Regardless of play-style, the limits of magic and the aggressiveness of enemies means that melee combat is sometimes a necessity for everybody – this is a good thing, because it’s a very rich subsystem of the game and because it forces everyone to experience just how physical the game world is. Spatial awareness is everything in Dark Souls combat. The space that one’s avatar takes up, and its relation to demons and monsters, consumes a player’s awareness. When I play, I always edge just outside an enemy’s anticipated range if they’re my size; if they’re larger, I swallow my fear and stay underfoot, where their range isn’t an advantage and where my maneuverability is more valuable.
This all combines to make the player feel incredibly embodied in Dark Souls. The game just feels right; when the player makes a choice, they see it fold out just as expected on the screen. The avatar’s body operates like a body, and the nature of the game and the control scheme forces an intense mindfulness over it. Thus it’s all the more alarming when that body is eviscerated, all the more personal.
I circle back around to my initial question: Why do I keep playing this? I’ve never thought of myself as a masochist. Many have said that the difficulty of success in Dark Souls makes the victory that much sweeter, but that feels trite to me; in my playing, I’ve found something deeper than just the conquering of obstacles.
I think the answer is found in the brighter side of asceticism, in the transformation that suffering generates. Beautiful things can come out of suffering. In the midst of the Black Death, when most theologians were blaming the state of the world on the wickedness of society, St. Julian of Norwich turned her suffering (for she fell to, but survived, the plague) into beautiful writings that, in stark contrast, focused on the love of God and a radical inclusiveness that remains revolutionary today. As Julian envisioned it, failure and sin is the path to learning and refinement, and is an intrinsic part of living life – she didn’t even use language of forgiveness, because that would imply that God needed to forgive humanity for their necessary, educational missteps. Suffering widened her life, making her a compassionate visionary in an age of fear and loathing.
In Dark Souls, I find the antithesis to my pride and skill; this is a world where it means so much less than it usually does.
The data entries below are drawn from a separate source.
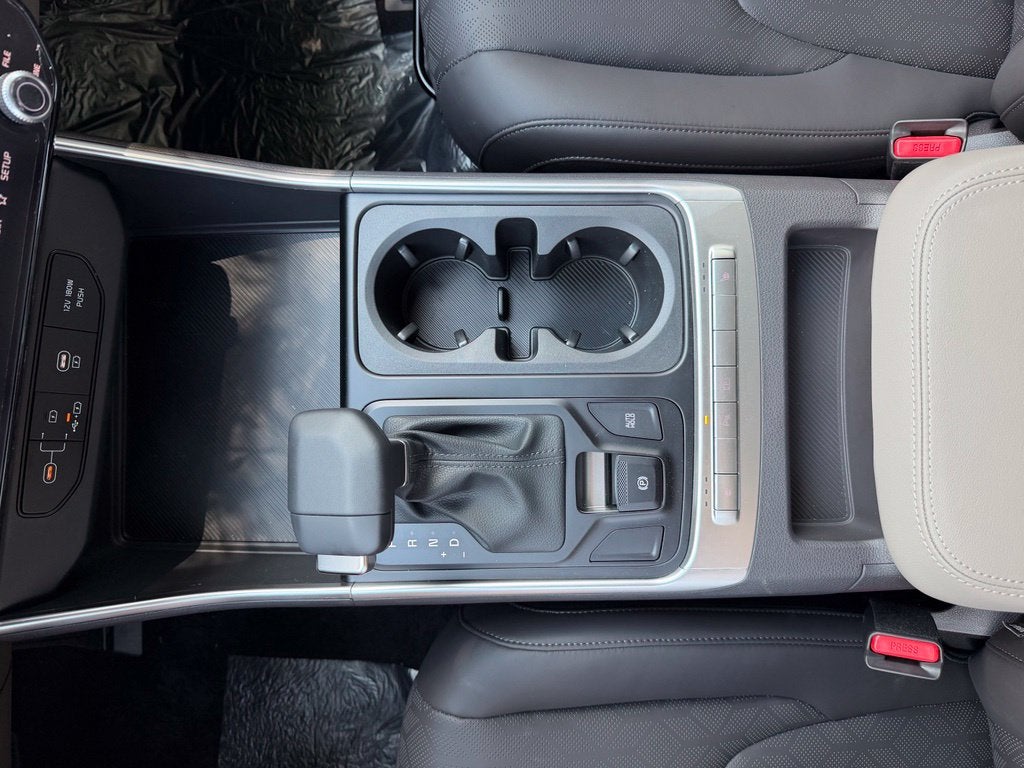 2027 Kia Carnival LX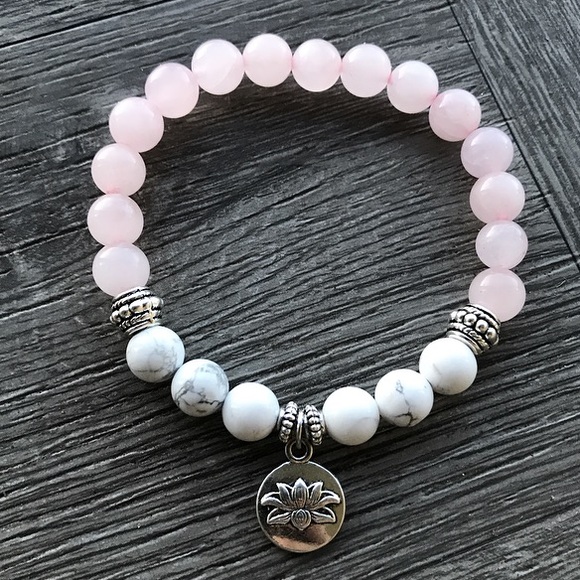 Rose quartz & white howlite lotus flower bracelet - Picture 9 of 10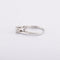 Bague 53 / Blanc/Gris / Or 750 Bague Solitaire Torsadée Diamant 0.38 carat 58 Facettes 180066R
As a result, it lays my guilt bare; when I face my fifth death against a pair of stone giants, I am fighting guilt as surely as I am fighting them. It’s a guilt that I am wasting time, a guilt that, if I follow back to its source, is embedded in a deep distrust of my own behavior and urges and worthiness. It might even let me change that part of myself, but for now it has allowed me to isolate it and contemplate it.
Each death doesn’t seem so harsh anymore. I’ve turned playing Dark Souls into a meditative experience, a way of accessing frequent dark nights of the soul, and I think that’s an incredibly valuable thing to have lying around. It offers me a sort of freedom from my own identity, allowing me a chance to, honestly, be better to myself than I ever have been. Now, as I walk through dark forests and am claimed again by death, I quote Julian of Norwich: “All shall be well, and all shall be well, and all manner of thing shall be well.” I wasn’t expecting Dark Souls to ever offer me an experience of peace.